Mancano 15 giorni all’apertura delle danze, e sono un’eternità: sparare nomi, per ora, è davvero solo un gioco di società. Ma le diverse poste in gioco sono già chiare e al momento, più che su questo o quel papabile, è qui che la sfida è già in corso.
Si tratta di scegliere tra un presidente della repubblica quasi privo di peso specifico e un nuovo monarca, si sa. Ma non è tutto qui. La scelta del prossimo capo dello stato certificherà la possibilità, per Matteo Renzi, di guidare il Paese senza dover rendere conto al Parlamento, alla sua maggioranza o ai dissidenti del suo stesso partito ma forte solo dell’appoggio di Silvio Berlusconi. Più che «chi sarà l’eletto?», la domanda è «chi lo eleggerà?».
La vice segretaria del Pd Debora Serracchiani recita compunta il copione di turno: «Senza Berlusconi è impossibile, ma credo che non lo si dovrebbe mai fare senza alcuna forza politica». Tanto inappuntabile quanto falso. I vertici del Pd non stanno muovendo un dito per cercare un’intesa vasta. E’ l’opposto esatto di quel che Renzi vuole: un capo dello Stato reso fortissimo proprio dal sostegno di tutte o quasi le forze politiche. Per lui c’è un solo interlocutore nella partita del Quirinale, l’uomo di Arcore. Tutti gli altri contano zero.
Per motivi uguali e opposti, la minoranza del suo partito tira invece a creare quell’ampia convergenza. «Perché non cercare di eleggere il ’presidente di tutti’ già nelle prime tre votazioni?», aveva chiesto con palese malizia l’ex segretario Pierluigi Bersani mercoledì. Ieri gli ha offerto l’ovvia spiegazione Stefano Fassina: «Preoccupa che Renzi consideri già perse le prime tre votazioni: vuol dire che non è interessato a costruire una convergenza ampia. Invece dovremo esplorare la possibilità di andare oltre il Nazareno». Che è come chiedere al Pontefice di celebrare una bella messa nera. Tanto più che da quell’esplorazione verrebbe fuori quasi certamente il nome di Romano Prodi (bocciato però ieri da Beppe Grillo), vero candidato ombra anti-Nazareno, e a quel punto Renzi non riuscirebbe più a disfarsene. Specialmente con l’area ribelle di Forza Italia che, pur di affossare la corte di Silvio e probabilmente lo stesso vetusto ex sovrano, non esiterebbe ad appoggiare persino l’antico arci-nemico.

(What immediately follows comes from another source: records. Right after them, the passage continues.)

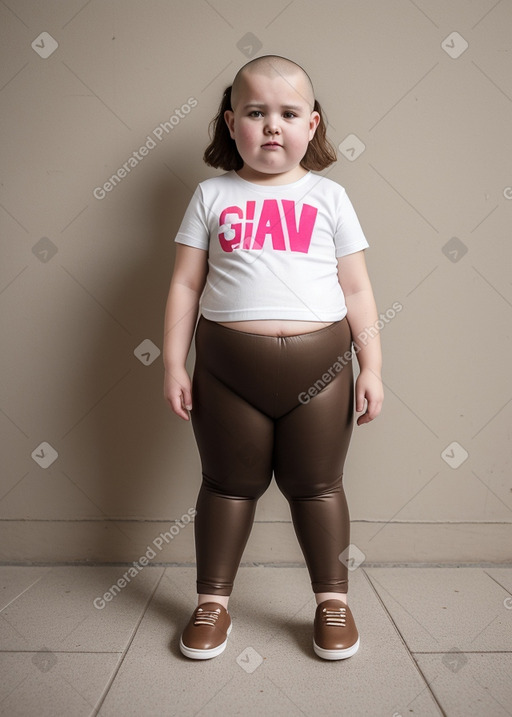 Croatian child girl with  brown hair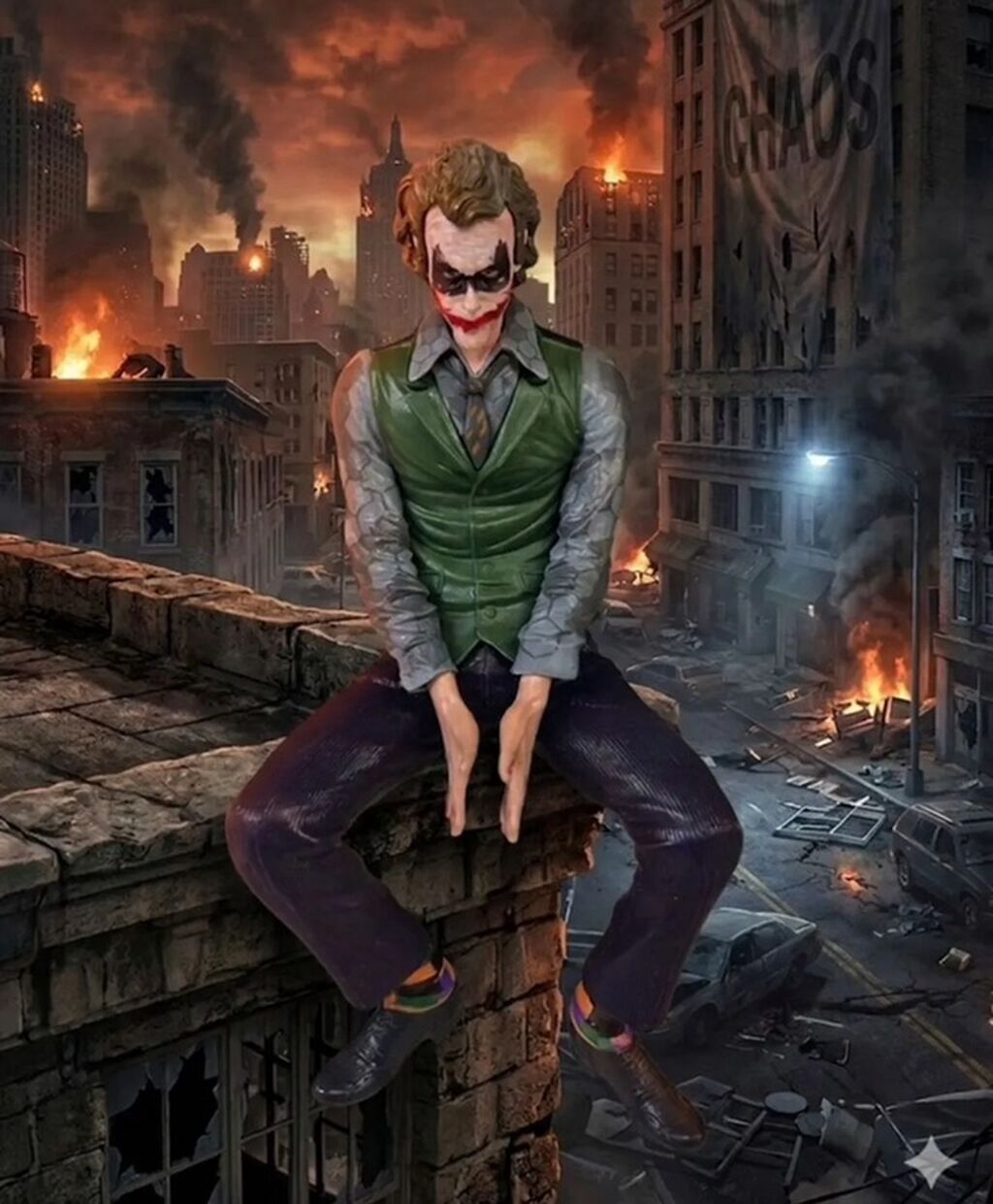 Joker fiqurları – kolleksiya üçün detallı heykəlciklər • Mövzu: Joker — Oyuncaqlar, Bakı (2)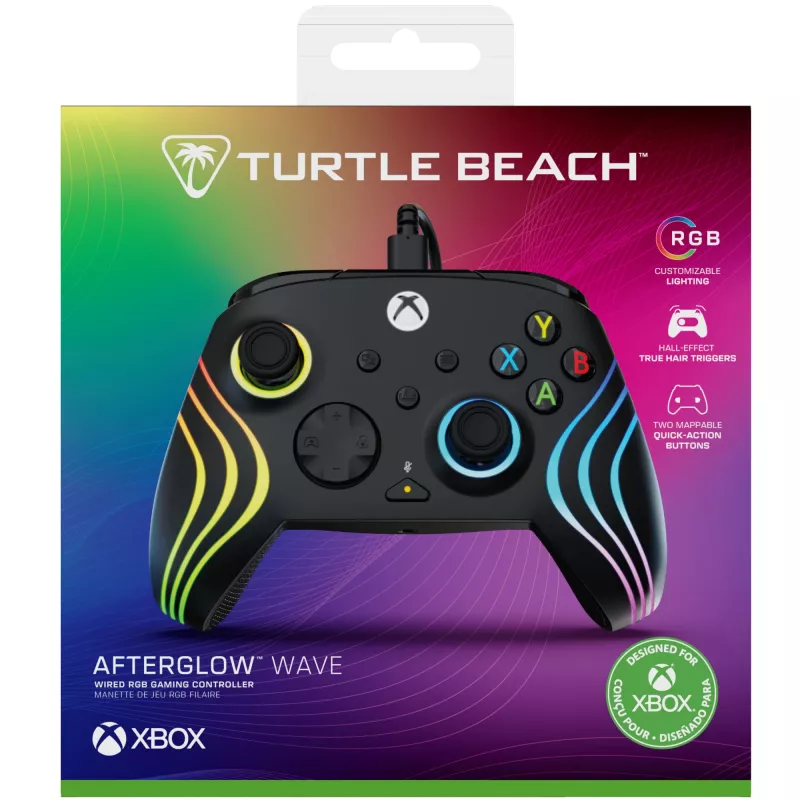 Žaidimų pultas Turtle Beach Afterglow Wave Black USB PC Xbox Series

In realtà nulla di tutto questo preoccupa Renzi. Se, come è probabile, si acconcerà controvoglia a incoronare un politico di professione, ha già pronto quel Sergio Mattarella su cui punta il fronte trasversale cattolico, oppure quel Walter Veltroni che in privato il capo del Pd assicura essere il suo preferito e che proprio per questo molti, conoscendo la franca limpidezza dell’uomo, ritengono invece già bruciato. Fino a che la barricata del Nazareno tiene, Renzi è certo di farcela e anche di agguantare l’obiettivo entro gennaio. Ovvio che, di conseguenza, una parte dell’opposizione tenti il lavoro a uomo su Silvio il Sospettoso.
Roberto Calderoli lo ha chiamato al telefono ed è andato giù senza perifrasi: «Lo sai, vero, che Renzi tira a fregarti?». Il capo azzurro cova identici timori: «Lo temo anche io», pare abbia risposto al senatore leghista. La fregatura in questione sarebbe incamerare il capo dello Stato grazie al sostegno azzurro e poi negargli il saldo, cioè quell’agibilità politica che per Arcore è la sola merce di scambio che conti. In realtà Berlusconi non ha ancora deciso come muoversi. Anche per lui difendere il Nazareno è questione di vita o di morte, ma potrebbe insistere su qualche nome di sua fiducia e non del tutto manovrabile dall’inquilino di palazzo Chigi. Tutto sta a trovarlo, certo, perché non potrebbe certo trattarsi di qualcuno proveniente dall’area di centrodestra, né politica né in senso più lato. Ma anche nella metà campo avversaria qualcuno di cui Silvio Berlusconi si fiderebbe c’è. Giuliano Amato, per esempio, oppure Massimo D’Alema. Oggi appaiono del tutto fuori gioco, è vero, e al momento effettivamente lo sono. Ma due settimane, in questi casi, sono molto lunghe.